Welcome to a joyous new appendix of the Fourth Wall, which I christen Day Late, Dollar Short, Solid Gold. For your enlightenment one critic shall offer his absolutely brilliant-in-hindsight ideas to Hollywood, obsolete and essentially useless as they may be now.

Twilight: Breaking Dawn Part 1 Hits Theaters November 18, 2011

To kick off the adventure, let us address the top online video sensation du jour, namely the spectacle of watching Twilight fans react to the new trailer for the upcoming final chapter, Breaking Dawn. In this film, Joan Jett (à la brunette!) marries the kid who got iced by Ralph Fiennes in a snake costume. A cross-section of scary pre-teens and peculiar middle-aged ladies know them as Bella and Edward, the sorely troubled protagonists of Stephenie Meyer’s Twilight novels. In a bewilderingly short amount of time, these tales have transformed into blockbuster movies, doubling their money as a “degenerate, bodice-ripping alternative to the Harry Potter franchise” (I put that in quotes because someone must have said it before I did).

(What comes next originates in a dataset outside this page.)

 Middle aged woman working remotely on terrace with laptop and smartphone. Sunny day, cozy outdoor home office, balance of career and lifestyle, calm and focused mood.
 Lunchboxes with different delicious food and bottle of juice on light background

Moving on, before I get myself into serious trouble… for many fans of the series, viewing the trailer for a new Twilight movie has become as big an event as the opening of the actual film. For non-fans, this has bred its own annual tradition – watching Twilight fans as they see and react to new Twilighttrailers. This grotesque but compelling ritual has snowballed a great deal since the days of the first Twilight and New Moon, but if you happen to type the phrase “trailer reaction” into an internet search bar, the top results invariably feature one of the films in the Twilight saga. I regret having jumped on this bandwagon so late. We spectators are almost as sorry as the legitimate fans that Twilight soon will be no more.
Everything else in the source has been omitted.